It’s ok if you’re not sure. In fact, the topic is still debated by data governance industry experts on a regular basis. But there are differences, and those differences are important.
Here, we’ll define both data fabric and data mesh, provide use case examples for each, then highlight the important differences between the two.
But before we do, we want to make one thing absolutely clear: You cannot buy a data fabric or a data mesh. Both are types of integrated data management frameworks, but the former methodology leans more on the technical side, while the latter is formed via a combination of technology and people. Yes, you need technology to support these methodologies, but technology is not the solution in and of itself.
What is a data fabric?
As we explain on our website, “An enterprise data fabric is a data architecture that connects data and knowledge at scale in a distributed and decentralized manner. It simplifies data integration, providing a single, semantically organized view of your trusted data.” A data fabric doesn’t require moving data to a centralized location like a data warehouse or data lake, and instead relies on active data governance to unify data and metadata across an enterprise.
Gartner offered an expanded definition of a data fabric in 2021, explaining:
A data fabric leverages both human and machine capabilities to access data in place or support its consolidation where appropriate. It continuously identifies and connects data from disparate applications to discover unique, business-relevant relationships between the available data points. The insight supports re-engineered decision-making, providing more value through rapid access and comprehension than traditional data management practices.
To put it more simply, data fabric is a unified enterprise architecture underpinned by an integrated set of data platforms, technologies and services, designed to deliver the right data to the right data customer at the right time. (And with a data architecture that’s a fabric, the right time can mean real-time.)
But there are countless definitions, and the name “data fabric” can still mean different things to different people depending on their needs and use cases. (Just listen to the Jan 2021 episode of Catalog and Cocktails, “Is Your Data Fabric a Mesh,” to find out what we mean.)
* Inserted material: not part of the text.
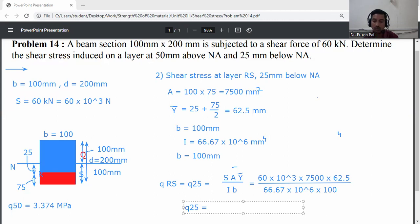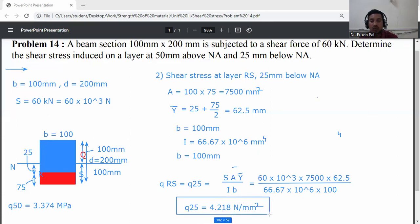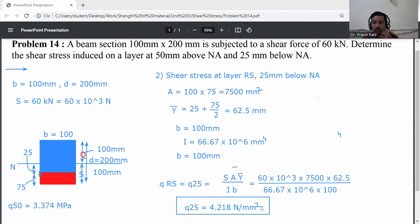Final answers: shear stress at 50 mm above the neutral axis = 3.374 N/mm² (MPa), and shear stress at 25 mm below the neutral axis = 4.218 N/mm² (MPa).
Example of a data fabric use case
Modern fast-food restaurants now accept orders by phone, website, app… or a good ol’ fashioned face-to-face conversation. But with hundreds and thousands of locations, a dozen ways to place an order, and likely millions of customers, how do they compile all this data and make it usable for analytics that drive business improvements? By building a data fabric architecture that integrates data from these myriad data pipelines, ensures its quality, and makes it easily available for users across the company to access on an as-needed basis.
What is a data mesh?
Popularized by Zhamak Dehghani in 2019, data mesh is a paradigm shift away from a centralized data architecture to a modern, distributed architecture. It’s an organizational framework for collecting, managing, and sharing data assets across the enterprise, and it eliminates silos by empowering domain experts to own data products they create and make them available to data consumers across business lines.
What differentiates a data mesh approach from data fabric is that data mesh is a socio-technical approach toward data governance, with an emphasis on the “socio” — the people. Unlike data fabric, which is more technology centric, it marries product thinking with a move towards domain-driven data management, where the people who work most closely with the data are called upon to both maintain its quality and serve as subject-matter experts for the data products they “own.”
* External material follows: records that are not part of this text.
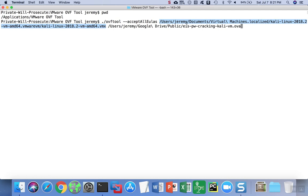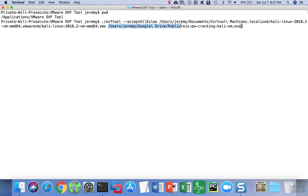You can also give the name of the output file, or the OVA file. Optionally, you can also specify a directory to store this file in.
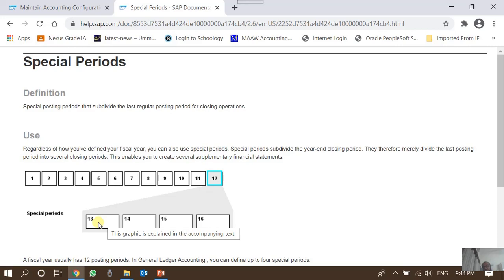After entering adjusting entries in period 13 we lock it, then any further correction of errors or provisions go into period 14, which is then locked as well. When printing financial statements, we specify the range of periods — for example, period 1 to period 13 — so the system includes all adjusting entries posted in special period 13. Auditors may also raise entries or provisions, which can then be entered in the last special posting period, 15 or 16.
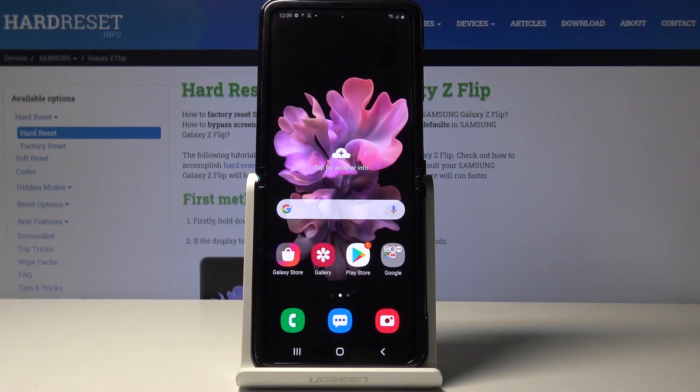Here I've got Samsung Galaxy Z Flip, and let me show you how to add and remove a Google account on the following device.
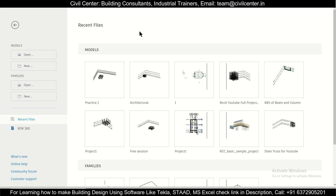Hey guys, this is your friend Maynag from Civil Center and I welcome all of you back to our channel. In today's video we will make a 3D floor plan in the Revit Architecture software.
A data mesh methodology is defined by four pillars:
- Domain Ownership: Decentralizing data ownership gives business domains (Sales, Marketing, Finance, etc.) control of the data they create. The domain’s consequent familiarity with the data provides deeper insight into where, why, and how it should be used.
- Data as a Product: Treating data as a product makes data discoverable, understandable, and usable in the same way you search for and purchase products using your favorite search engine and/or e-commerce platform. When data is considered a product by the domain that publishes it, domain owners are empowered to become wholly responsible and accountable for their data products, including data quality, representation, and cohesiveness.
- Self-Serve Data Infrastructure as a Platform: Self-service data and analytics makes data readily accessible to members of the organization who need it to make informed business decisions. It simplifies data discovery and enables data democratization, making it quick and easy for anyone to surface relevant insights.
- Federated Computational Governance: Federated computational governance establishes a governance policy that’s standardized across each decentralized domain, ensuring all domain owners operate within a consistent framework.
Because of these pillars, a data mesh architectural approach gives data and business teams the best of both worlds: a centralized database with domains responsible for handling their own pipelines. This allows for greater autonomy and flexibility for data owners, eliminates data bottlenecks, facilitates greater data experimentation and innovation, and lessens the burden on data teams that would otherwise — in a data fabric architecture — be attempting to meet the needs of every data consumer in the enterprise through a single pipeline.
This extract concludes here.